If we are going to act strategically in the context of everything else – which means thinking systemically – we need to be aware that systems exist as a set of interconnections and automatically there will be a feedback loop of sorts for every gross disturbance that is out of sync with the pattern of the system’s usual internal actions. This is not a Chalmers Johnson type argument for policy paralysis and geopolitical inertia – such advice is worthless as well as politically motivated. Policy makers though should take into consideration the Law of Unintended Consequences and the Law of Diminishing Returns when planning a move so as to minimize the extent of any worst-case scenarios. The current situation in Iraq where the Leviathan planning was superb and the System administration planning was incompetent argues the case eloquently.

Rule #9: The potential for conflict is maximized when states with differing rule sets are forced into collaboration/collision/clashes.

This rule basically defines America’s dilemma in pursuing this global war on terrorism: we will constantly be getting into bed with countries whose rule sets do not go well with our own, like Egypt, Saudi Arabia, or even Syria.
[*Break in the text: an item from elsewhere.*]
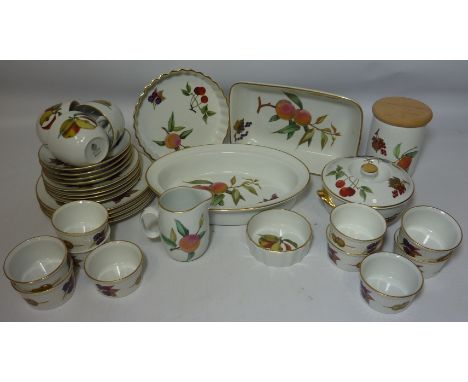 Royal Worcester 'Evesham' serving dishes and other ceramics in one box  Condition Report Click here for further images, condi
How does America cooperate with essentially non-democratic states to spread democracy? Then again, if you want converts, you better work among the sinners, yes? But even tougher questions abound in response to 9/11. You could say, for example, that in pursuing this war on terror, America is basically adopting the Israeli approach of an-eye-for-an-eye, which is problematic for most Americans. Israel may, for religious and cultural reasons, be comfortable with that Old Testament approach, but America is basically a New Testament-style democracy, where the “golden rule” of “do unto others as you would have them do unto you” drives most of our rule sets. As I stated earlier, I think the Core-Gap division forces some genuine bifurcation in our security rule sets, and yet, there is no pasting over the reality that this war on terror will cause very profound rule set clashes within America itself.
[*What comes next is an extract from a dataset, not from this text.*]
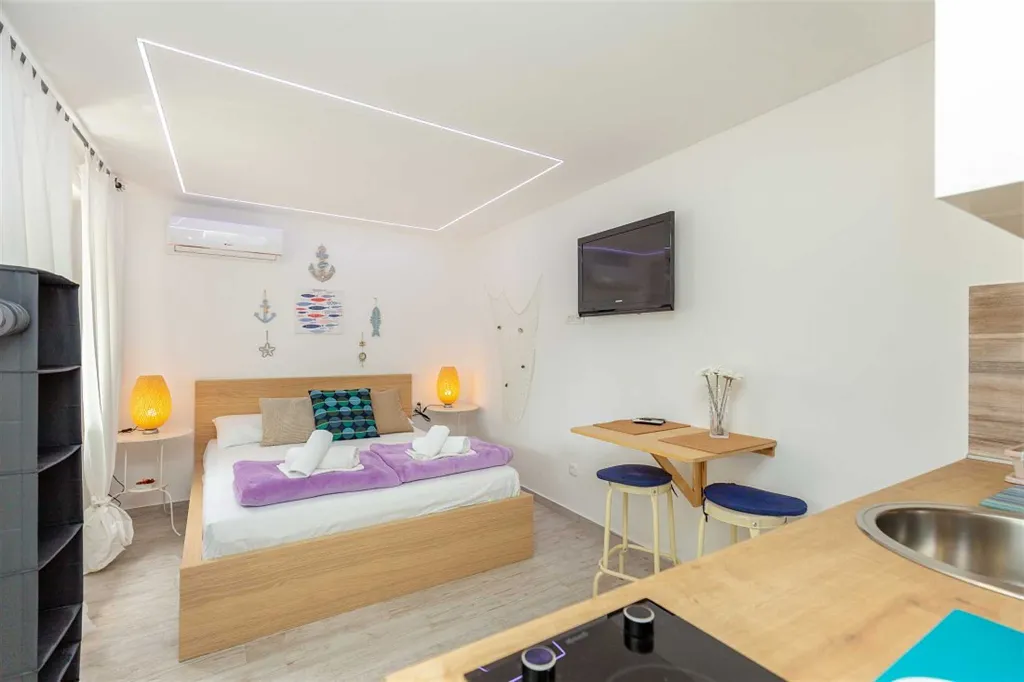 Dubrovnik Studio for 2 with Terrace & Spa Jacuzzi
For a very timely example of this clash of rule sets within America itself, see the new Foreign Affairs article entitled -ironically- ” The Sources of American Legitimacy “ a moderate sounding but extremely radical thesis from two Transnational Progressive scholars Robert W. Tucker and David C. Hendrickson. Their argument is so dangerous to American national security and so inimical to Dr. Barnett’s vision of ” Connecting the Gap ” that it requires a post on it’s own to explain – as indeed TM Lutas and JB at Riting On The Wall have already done. Reader’s Digest version – they argue International Law is properly the handmaiden of tyrants and genocidaires who are legitimate sovereigns but American “legitimacy” is rooted in our cession of sovereignty to the opinion of the world community as interpreted by unaccountable NGOs, transnational organizations and activists like Tucker and Hendrickson. A more perverse, self-interested, revisionism masquerading as orthodoxy- outside of Holocaust deniers and conspiracy theorists- cannot be imagined.

The Core has to come together on rewriting the Rule-set for handling 4th Generation warfare opponents like al Qaida and this will mean engagement with our real( Britain, Japan, Israel, Australia), putative (France, Germany) and potential( Russia, China, India) allies. The Bush administration has been great at identifying the new rules we need and rebuffing outrageously stupid demands from the implicit villain community by indentifying their conduct for what it is – hostile. Now however the next step is demonstrating the same diplomatic finesse with Europe and at the UNSC that put together a regional consensus for six power talks on North Korean nuclear weapons programs. The great redeeming value of some of the implicit villains overseas is that many of them as a result of their corruption and cynical self-interest can be bought off, rather cheaply in fact as Saddam demonstrated.

Recall the case of Admiral Darlan and Operation Torch. Let’s buy some of the decadent ones off long enough to diplomatically isolate those implicit villains who are ideologically the immovable objects in our path so we can get on with the business of winning the war the making a future worth creating.